Thanks in advance for any advice.


----------



## RIT333 (Feb 6, 2014)

2000 hours is equivalent to continuous operation for 3 months. I would stay away from it, and look for a used Tecumseh with less hours, and zero issues. It will be better than the Honda, and less work.


----------



## 524SWE (Jan 20, 2017)

YSHSfan said:


> Hello,
> I'm considering buying a Honda GX630 engine possibly for my Ariens ST1236 project, it is listed as "not running, has been overheated". What should I expect, would it be worth buying or not. Listed as near 2000 hours of use.
> Thanks in advance for any advice.


2000 hours seems up there in hours, maybe not for a Honda, I don't know, and it was overheated so it probably uses oil, think I'd keep looking.


----------



## leonz (Dec 12, 2014)

Chances are the piston jug is warped and the rings are shot so unless you want to spend time rebuilding it from the oil sump upward its scrap.
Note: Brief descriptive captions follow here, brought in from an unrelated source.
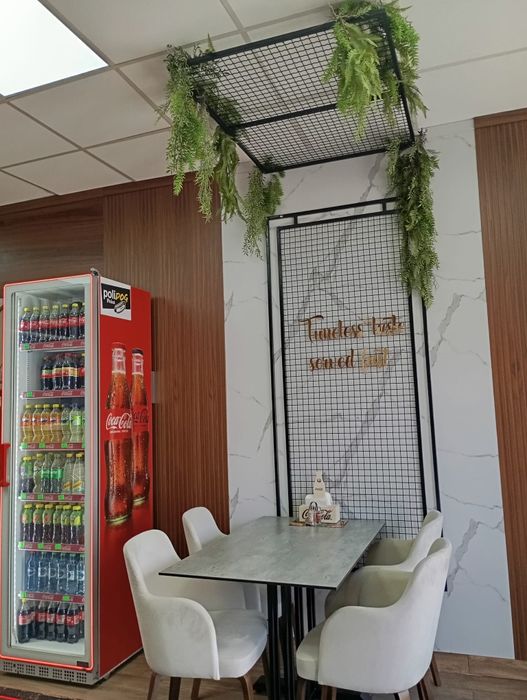 Vand / Închiriez Afacere tip fast-food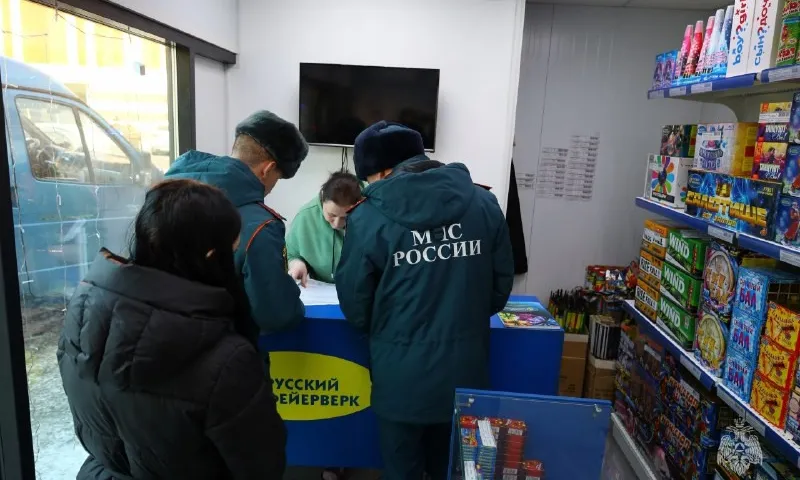 Рейды по точкам продажи пиротехники проводят в Алтайском крае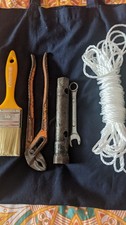 Kordel,Pinsel, Wasserpumpenzange, Ring und Maulschlüssel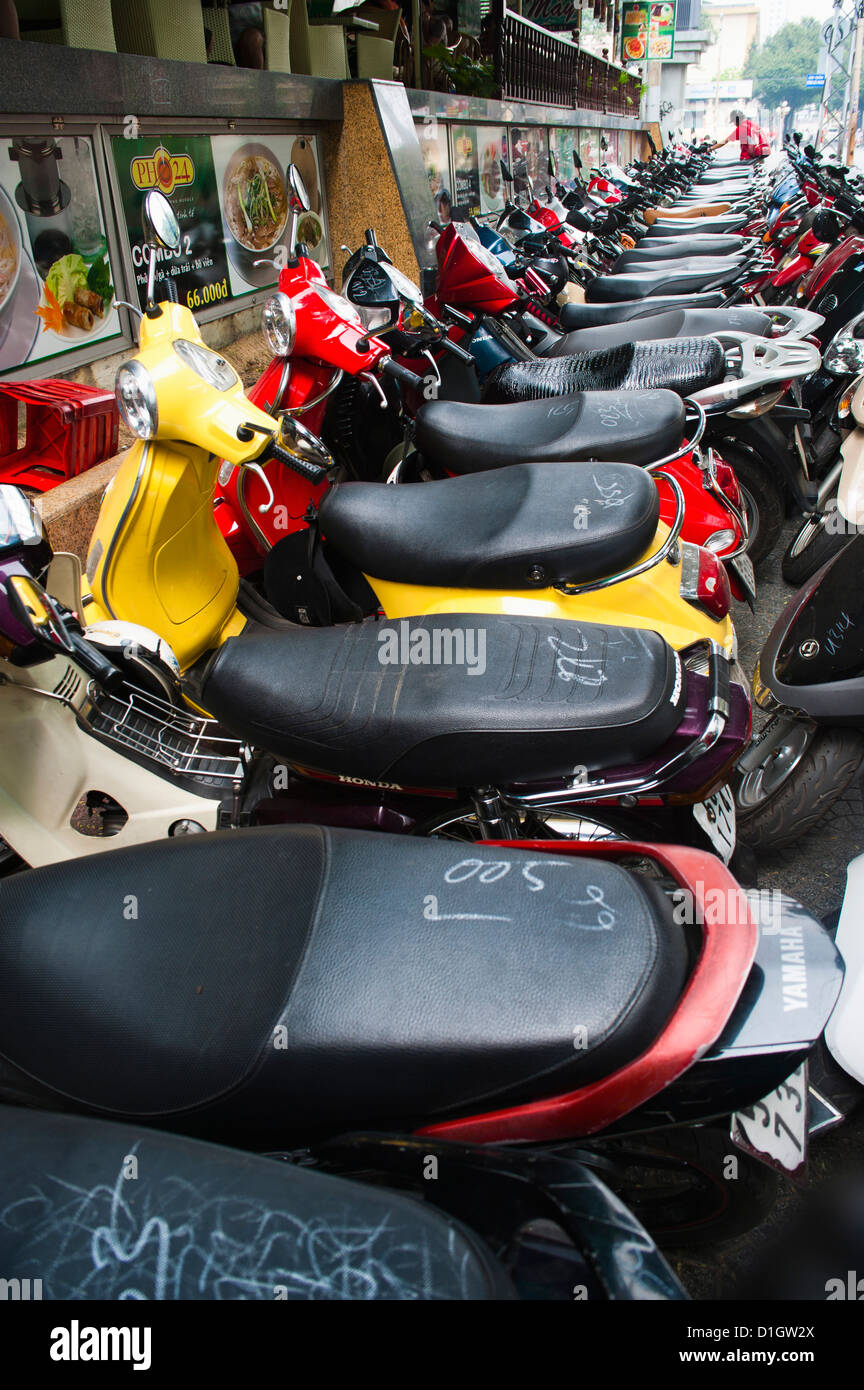 Hunderte der Mopeds in eine typische Straßenszene in Ho-Chi-Minh-Stadt (Saigon), Vietnam, Indochina, Südostasien, Asien Stockfoto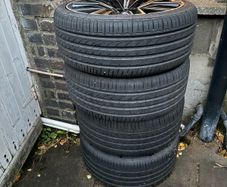 20' BMW 5 Series (cracked) Alloys & (new) Tyres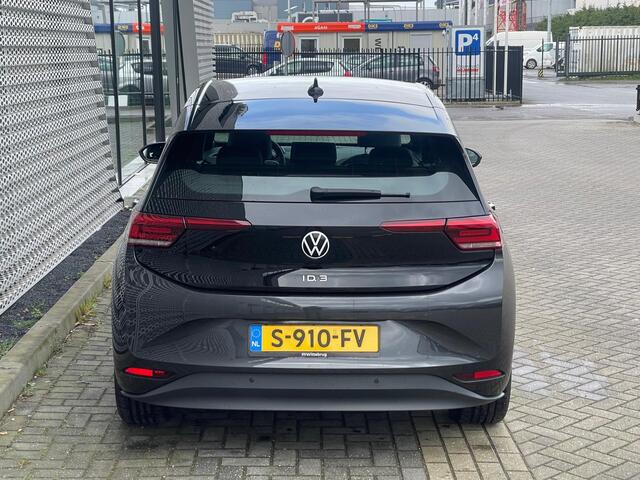 Volkswagen ID.3 Pure 45 kWh 150PK / App Connect / Parkeersensoren V+A / 18'' LMV / VW
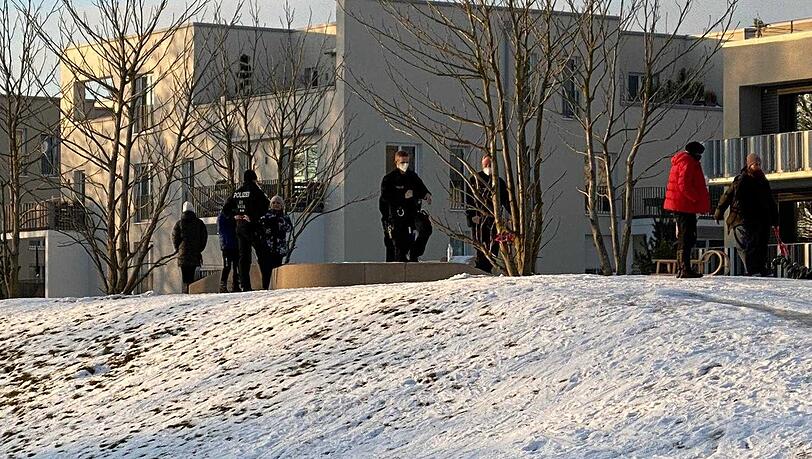 Auf dem Bild von Maximilian H. ist erkennbar, dass die Polizeibeamten Masken tragen und die Personen mit Schlitten nicht. Zu sehen sind hier fünf Zivilisten, ob die Gruppe zu diesem Zeitpunkt bereits aufgelöst wurde oder es sich wirklich nur um wenige Menschen handelte, ist unklar. Auf dem Bild von Maximilian H. ist erkennbar, dass die Polizeibeamten Masken tragen und die Personen mit Schlitten nicht. Zu sehen sind hier fünf Zivilisten, ob die Gruppe zu diesem Zeitpunkt bereits aufgelöst wurde oder es sich wirklich nur um wenige Menschen handelte, ist unklar.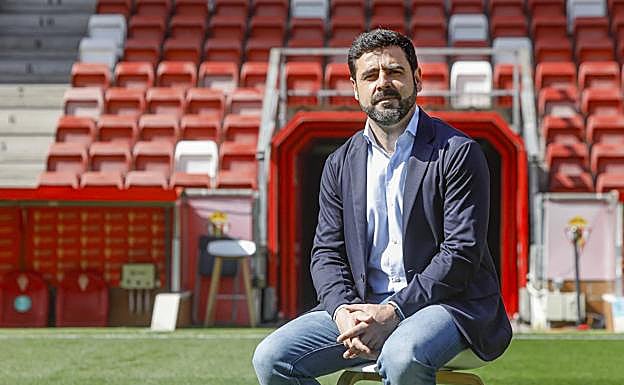 David Gallego, entrenador del Sporting, en el Molinón 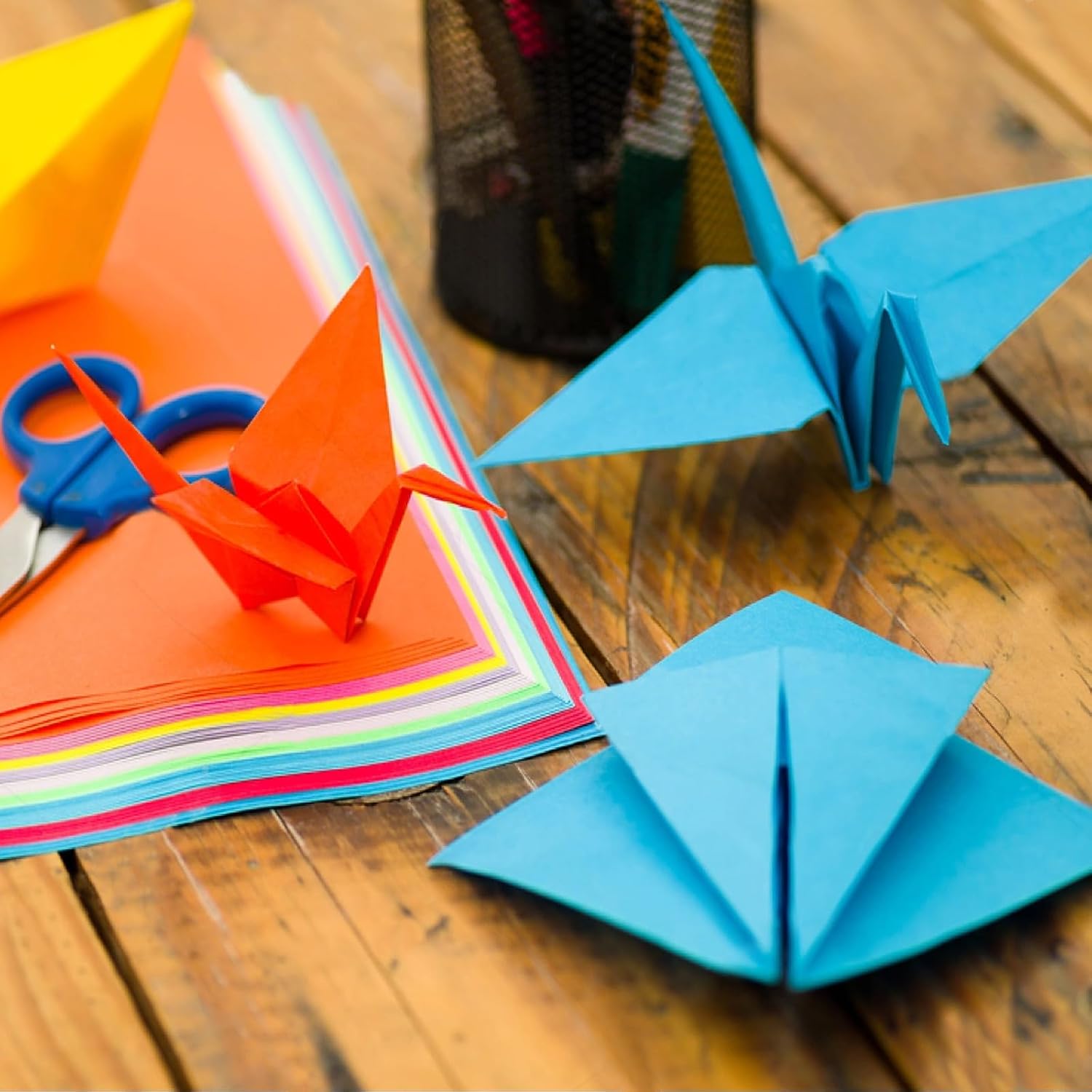 Detalle de Coloured Card A4 120 Sheets Pack 230GSM – Multicoloured Coloured Cardstock for DIY Arts & Crafts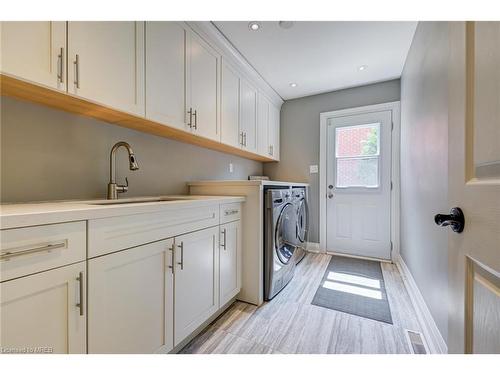 2394 Glengarry Road, Mississauga, ON - Indoor Photo Showing Laundry Room
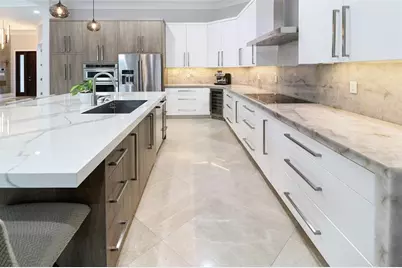 740 SW 18th St, Boca Raton, FL 33486 - Photo 14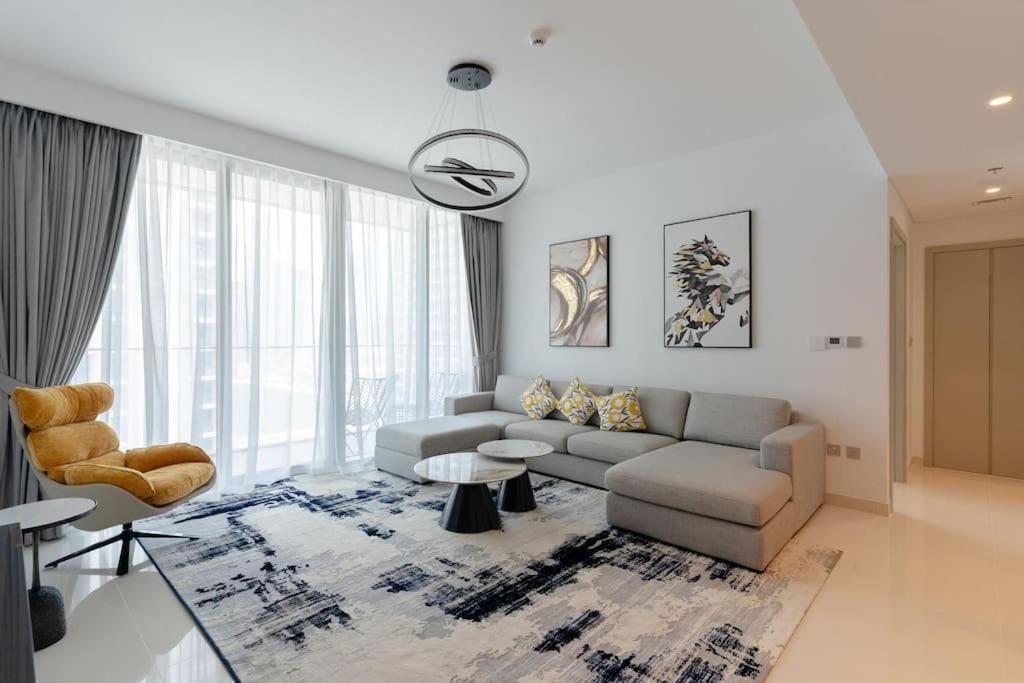 Stylish And Spacious L Beach Access L Fits 4 Apartment Dubai Exterior photo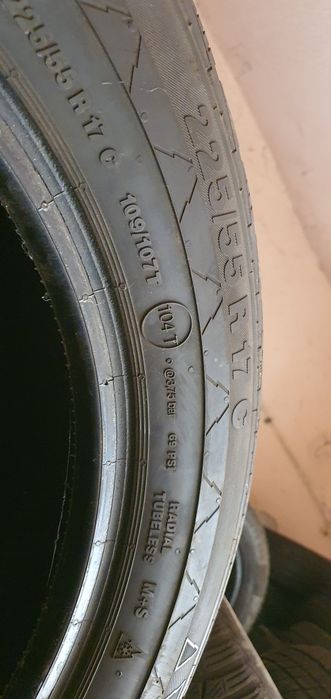 Гуми 3бр 225/55/17 с - 1бр- 90лв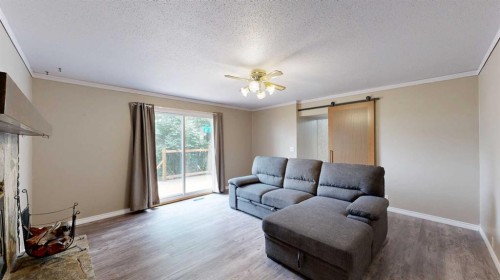 348 47 Avenue West, Claresholm, AB - Indoor Photo Showing Living Room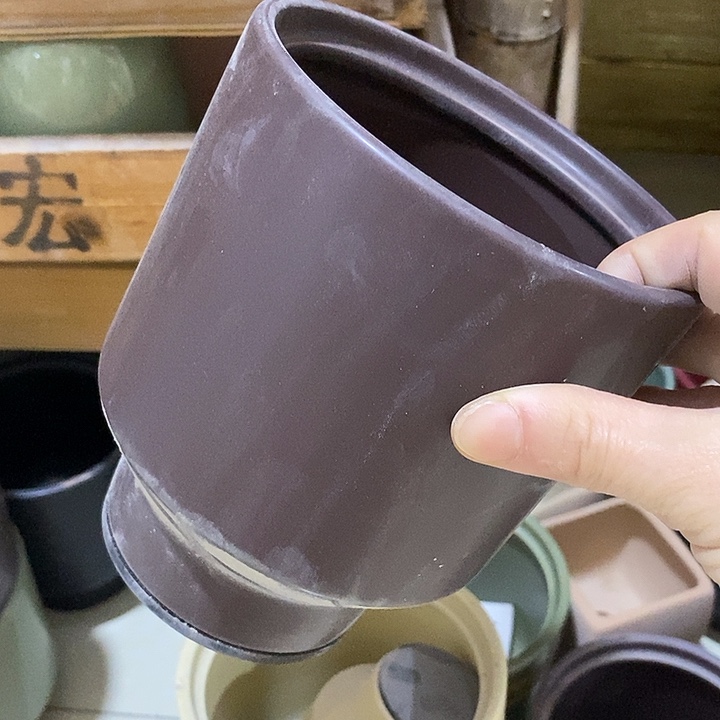 陶摆件陶盆有孔 瑕疵针孔漏釉介意勿拍外口 13外高15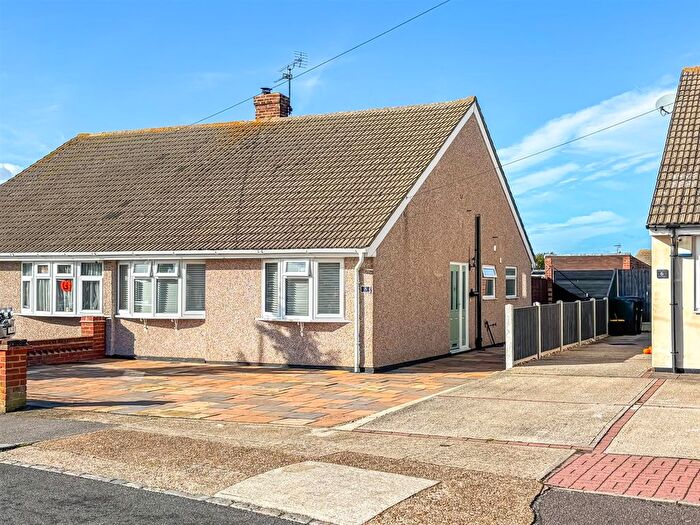 2 Bedroom Bungalow For Sale In Torquay Close, Rayleigh, SS6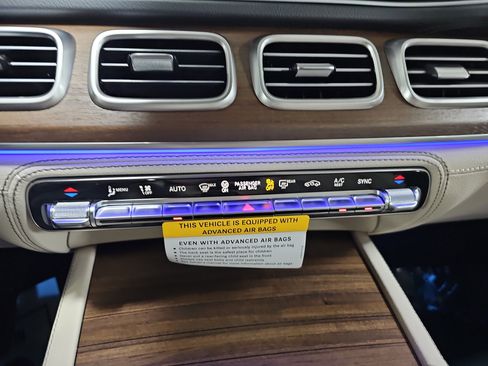 New 2026 Mercedes-Benz GLS 450 4MATIC image 23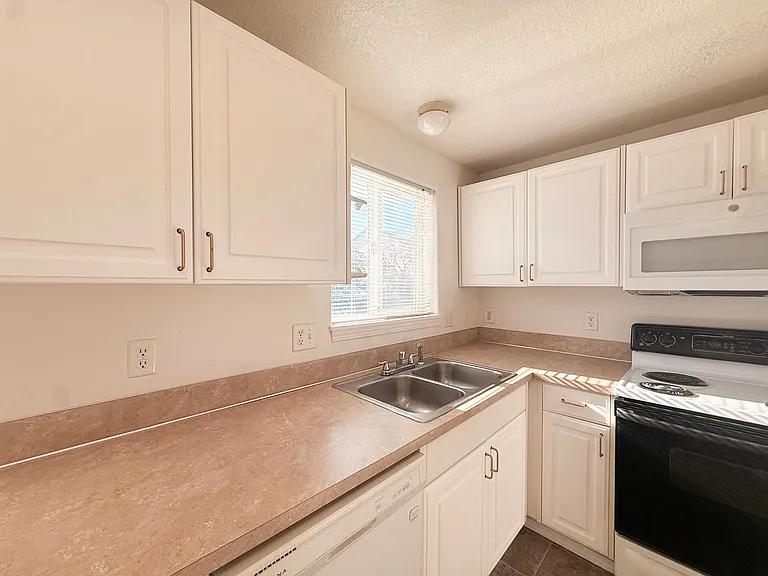 465 E Ellendale Ave — Photo 8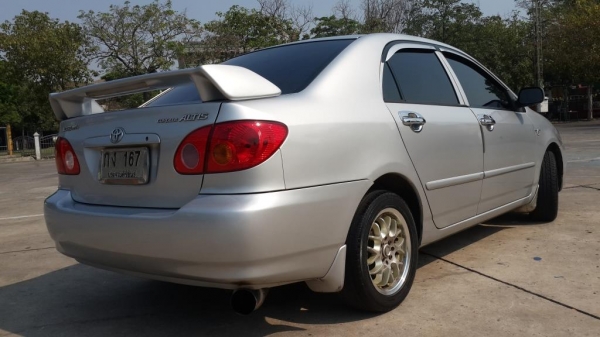 TOYOTA COROLLA, ALTIS 1.6 E  เครื่องเดิม สีเดิม ติดแก๊ชLPGหัวฉีดอย่างดี เรียบร้อย สีสวยบางเดิมทั้งคัน ภายในสวยเรียบร้อย ขายถูกๆๆ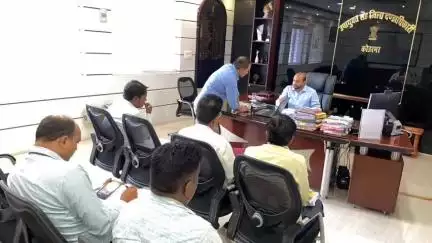 कोडरमा: उपायुक्त ऋतुराज की अध्यक्षता में जिला स्तरीय आधार निगरानी समिति की बैठक संपन्न, दिए दिशा-निर्देश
More than likely the cooling fins in the jug were plugged with mouse house insulation and they never made sure it was free of debris to allow proper air cooling at any time they owned the engine.


----------



## YSHSfan (Jun 25, 2014)

Thanks everyone for the advice. I passed on it. I'll keep my eyes open for a good runner GX620,630,670 or 690. I'd like to have spare power on the 36" wide housing and be able to carry a person. A "ride on" snowblower.


----------